Fatigue washed over him. How long had it been since he’d slept properly? Might as well seize this chance to rest thoroughly.

Too lazy even to wash up, he staggered to the bed and flopped down, instantly dead to the world.

July 12, 2023, Summer, Shuangqing City.

By the time Li Daoxuan woke up, it was already past 10 a.m. the next day.

A headache from sleep deprivation still throbbed. Out of habit, he turned on his computer, then remembered he had no work today. Starving, he’d stared blankly at the scenic box all day without eating a single grain—no wonder he was ravenous.

Still groggy, he wandered into the kitchen, boiled water, and tossed two eggs in.

As his mind gradually cleared, he remembered the scenic box. In a flash, he darted from the kitchen to the living room.

The scenic box still sat in the living room. The tiny figures within had woken up and were bustling about the village.

Li Daoxuan quickly spotted the girl figure. There she was, carrying her bamboo basket again, searching for grass roots in the yellow sand outside the village…

Having just lost her mother yesterday, grief surely lingered, yet she’d already been forced to search for food.

Li Daoxuan sighed lightly and murmured, “This girl suffers so much.”

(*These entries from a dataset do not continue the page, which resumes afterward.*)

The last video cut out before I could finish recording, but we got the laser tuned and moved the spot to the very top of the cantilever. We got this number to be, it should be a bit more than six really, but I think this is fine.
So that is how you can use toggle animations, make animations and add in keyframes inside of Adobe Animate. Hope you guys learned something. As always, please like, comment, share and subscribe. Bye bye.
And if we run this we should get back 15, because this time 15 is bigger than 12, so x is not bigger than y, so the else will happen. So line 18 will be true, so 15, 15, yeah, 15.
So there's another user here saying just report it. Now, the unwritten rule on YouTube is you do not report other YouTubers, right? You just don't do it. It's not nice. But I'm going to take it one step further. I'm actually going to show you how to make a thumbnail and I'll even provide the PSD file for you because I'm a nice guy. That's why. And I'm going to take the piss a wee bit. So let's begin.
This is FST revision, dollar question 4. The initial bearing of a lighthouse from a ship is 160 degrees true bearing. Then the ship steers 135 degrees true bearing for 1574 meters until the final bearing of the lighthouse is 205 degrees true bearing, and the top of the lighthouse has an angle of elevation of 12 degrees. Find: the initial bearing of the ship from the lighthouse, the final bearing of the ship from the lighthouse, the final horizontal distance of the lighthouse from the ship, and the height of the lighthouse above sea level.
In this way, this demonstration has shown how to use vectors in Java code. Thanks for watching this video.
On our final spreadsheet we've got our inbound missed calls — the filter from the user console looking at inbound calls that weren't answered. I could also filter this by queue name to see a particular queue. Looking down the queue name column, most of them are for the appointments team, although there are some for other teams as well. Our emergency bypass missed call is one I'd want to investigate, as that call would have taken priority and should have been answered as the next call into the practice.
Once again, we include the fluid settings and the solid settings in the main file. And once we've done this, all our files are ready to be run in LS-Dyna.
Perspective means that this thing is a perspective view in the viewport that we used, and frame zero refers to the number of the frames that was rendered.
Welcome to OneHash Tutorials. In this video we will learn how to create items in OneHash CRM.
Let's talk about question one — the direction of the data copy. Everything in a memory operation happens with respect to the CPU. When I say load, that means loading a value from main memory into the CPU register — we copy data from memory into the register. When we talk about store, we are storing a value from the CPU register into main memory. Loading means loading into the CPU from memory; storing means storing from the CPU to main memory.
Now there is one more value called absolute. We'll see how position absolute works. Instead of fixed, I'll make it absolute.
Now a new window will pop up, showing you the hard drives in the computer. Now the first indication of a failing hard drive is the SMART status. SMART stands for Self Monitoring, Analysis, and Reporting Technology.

The moment he spoke, the girl figure abruptly looked up. As if she’d heard something, she gazed skyward, searching for a few seconds before her eyes locked onto Li Daoxuan’s position.

Instantly, Li Daoxuan felt it again—his eyes meeting hers.

Eye contact!

Their gazes were complex.

Li Daoxuan’s held pity and sympathy; the girl’s brimmed with sorrow and pleading.

Summer, Year Seven of Tianqi (1627), Chengcheng County, Shaanxi, Gaojia Village.

Gao Yiye had lost her mother. Now, she was utterly alone.

But grief was a luxury. With no grain left in the house, survival demanded action. She couldn’t afford to be a useless waste, clutching her mother’s belongings and weeping.

Early in the morning, she rose, basket in hand, and stepped outside the village, heart heavy with sorrow.

She first kowtowed at her mother’s grave, then spat toward the mound where the bandits lay buried. Trudging onward, she scanned the ground for any patch where weeds might once have sprouted.

This stretch of sand had been combed through countless times. Digging up grass roots grew harder by the day.

Her arms and legs felt leaden, her body swaying unsteadily.

She didn’t know how much longer she could hold on. Tomorrow? The next day? Or perhaps the day after that. One day soon, she’d fail to find enough roots—too weak from hunger to forage any longer. Then, it would just be waiting for death at home.

She knew that day was nearing.

Just then, she heard a sigh drift down from the sky: “This girl suffers so much.”

The voice… it sounded vaguely familiar…

Gao Yiye snapped her head up. Peering through the clouds, she saw the face of a young man. Their eyes met—his filled with compassion and profound sympathy.

The girl knew rescue was at hand. Once more, she bowed deeply and pleaded, “Great Deity, I’m so hungry. I can’t hold on much longer. Show mercy, I beg you. Save me.”

Living creatures could neither enter nor leave the box. Worries over insects were unnecessary; any eggs attached to food instantly vanished into nothingness upon touching the box, erased by an unseen force.

Naturally, the protagonist chosen by heaven was an exception.